Sunday, May 5, 2013

Social CRM in the banking and insurance industry


Social CRM has boomed in recent times and plays an increasingly important part on everyone’s screens both private and professional ones, particularly when it comes to mitigating complaints on FMCG, technological appliances, flights, holidays and the like.

But what about industries that are bound by professional secrecy? How does social CRM fit into the banking sector and in how far have insurance companies started to adopt this new paradigm of engaging with their clients?

In the financial services industry, particularly in the banking sector, social CRM seems a touchy subject to start off with. Banks fear about their reputation and clients about their privacy. Nevertheless, social CRM can lead to significant competitive advantages when implemented correctly. Particularly their younger customers, the “generation Y”, will have a tendency to relate to banks in as much as they relate to other brands. Hence, it will be crucial to offer these customers the two-way-communication platforms they will soon expect to be part of their client service experience.
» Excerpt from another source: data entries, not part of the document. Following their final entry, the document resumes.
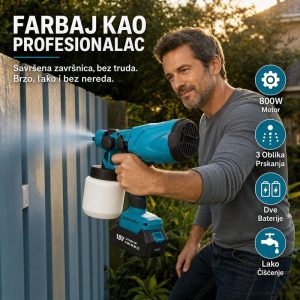 Aku pištolj za farbanje 800w sa dve baterije, profesionalni uređaj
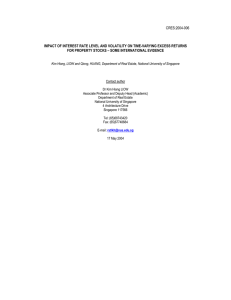 CRES:2004-006  IMPACT OF INTEREST RATE LEVEL AND VOLATILITY ON TIME-VARYING EXCESS... FOR PROPERTY STOCKS – SOME INTERNATIONAL EVIDENCE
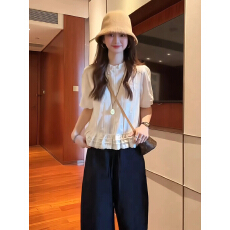 批发花边提花刺绣<b class='q'>衬衫</b>2026新款设计感减龄小衫短袖轻薄显瘦小个子上衣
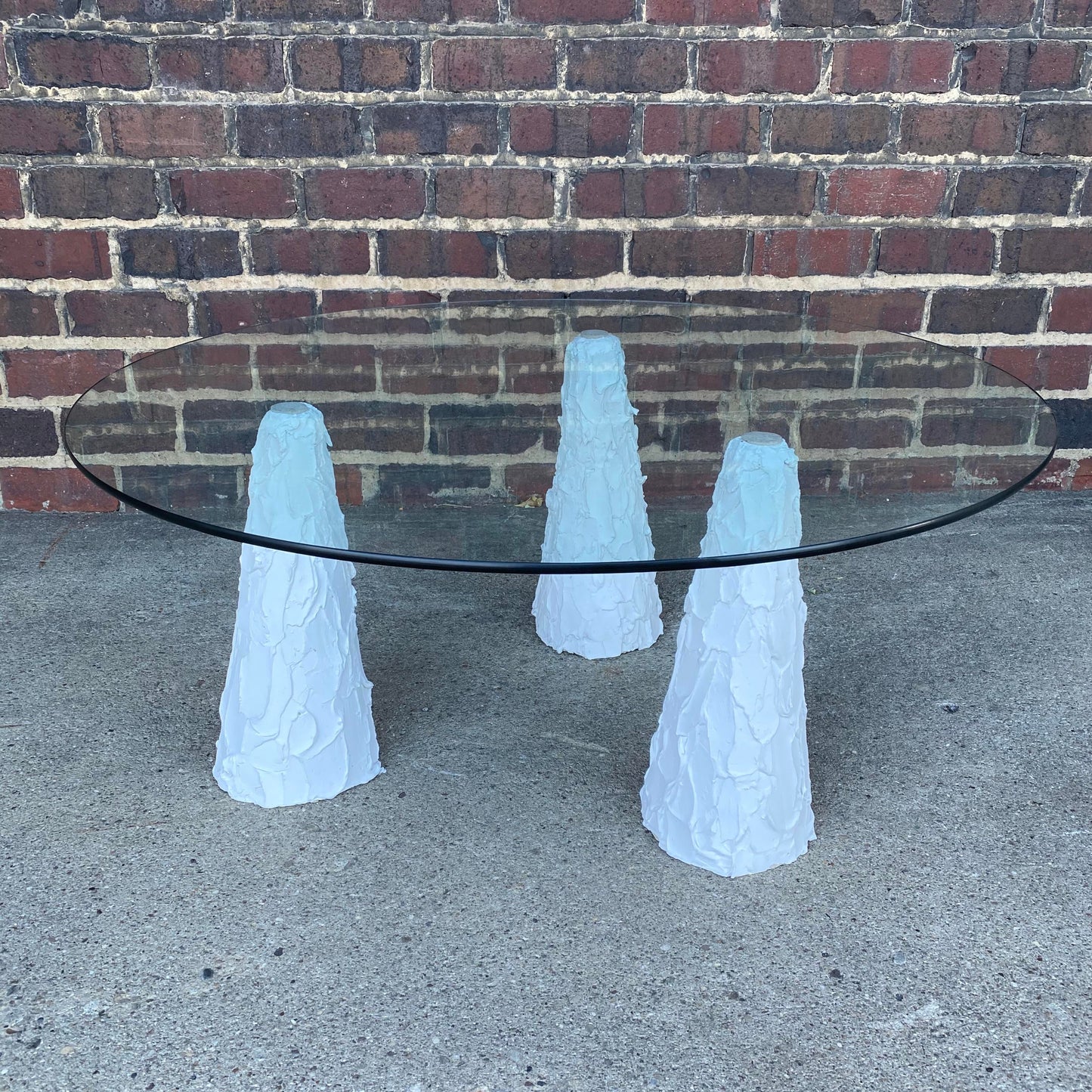 1980s Plaster and Glass Top Coffee Table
What is crucial however is the determination of the bank’s strategy in this respect:

-        What exactly are our goals in this respect?

-        How much do we plan to invest?

-        What ROI do we expect?

-        Who are the customers we are trying to target and how do we satisfy their needs?
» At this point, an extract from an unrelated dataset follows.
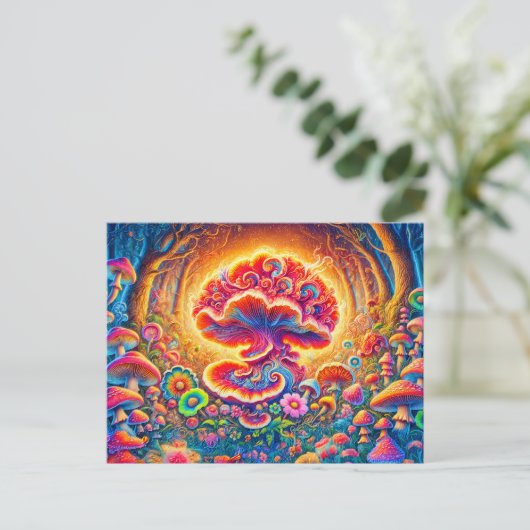 Magical Mushrooms Psychedelic Forest Fantasy Briefkaart (Staand voorkant)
-        How do we implement our social CRM initiative and which channels do we use?

The latter could for instance refer to a blog about special deals or providing on-the-spot-customer-assistance. Additionally, the bank could provide trainings or particular advertising campaigns via YouTube and the like.

 

Additionally, it is important to assess any risks the new initiative could bring about:

 

-        How do we test the new system for security purposes?

-        What are the requirements to be fulfilled in terms of regulations and controls?
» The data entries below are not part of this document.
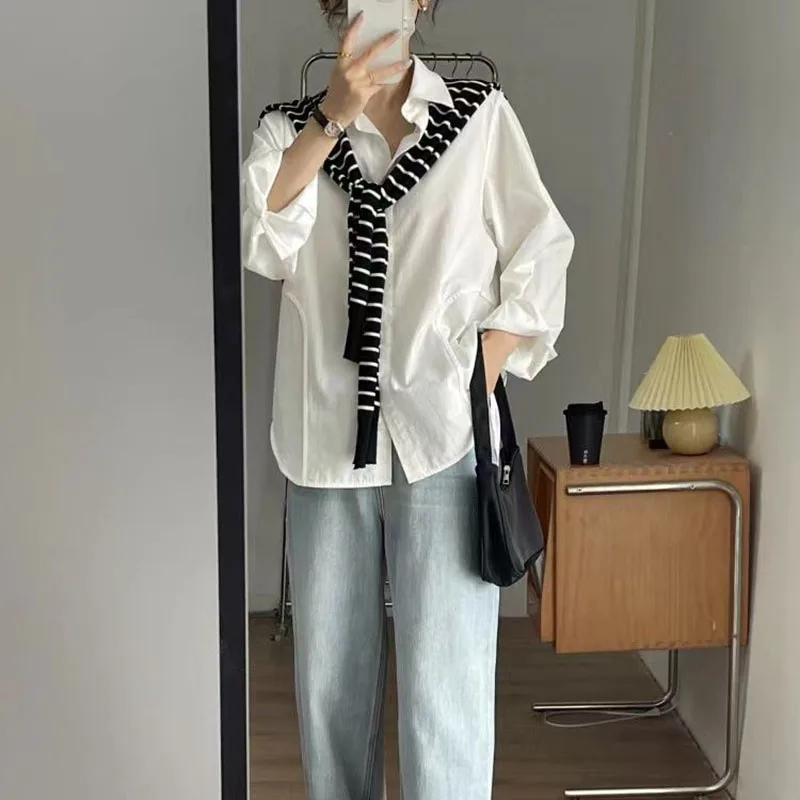 Lucyever White Long Sleeve Blouse Women Spring Summer New Loose Design Lapel Shirt Woman Korean Single-Breasted Office Shirts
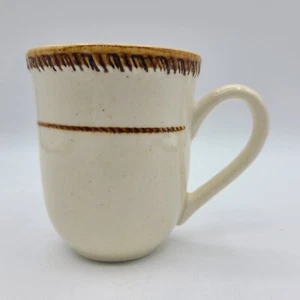 Rare Vintage TAHITI Coffee Mug Cup Stoneware Tan Brown Speckled Embossed Border - Picture 1 of 8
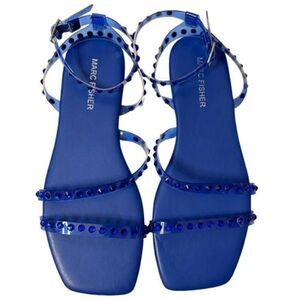 Marc Fisher Fonoo Women’s Blue Rhinestone Embellished Strappy Sandals Size 8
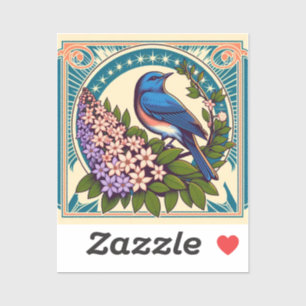 Adesivo Idaho Mountain Bluebird e Syringa Flores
-        How can we audit the effectiveness of the social CRM initiative?

Finally, the bank will have to clarify some organisational matters, such as:

-        How to communicate the initiative to the market?

-        Does our corporate culture actually support this new paradigm/ are employees sufficiently committed and sociable?

-        Who will be the key staff actively engaging in social CRM?

-        How will the new platform be tested?

-        Has staff received sufficient training to engage in social CRM with confidence, whilst being aware of limitations regarding privacy and confidentiality?

 

In the wake of the financial crisis, rebuilding customers’ trust is key in the banking industry, requiring out-of the-ordinary initiatives to restore clients’ loyalty and to gain market share. Subject to careful implementation, social CRM can provide a competitive edge, as several institutions such as Bank of America, Deutsche Bank and Caja Navarra have already experienced.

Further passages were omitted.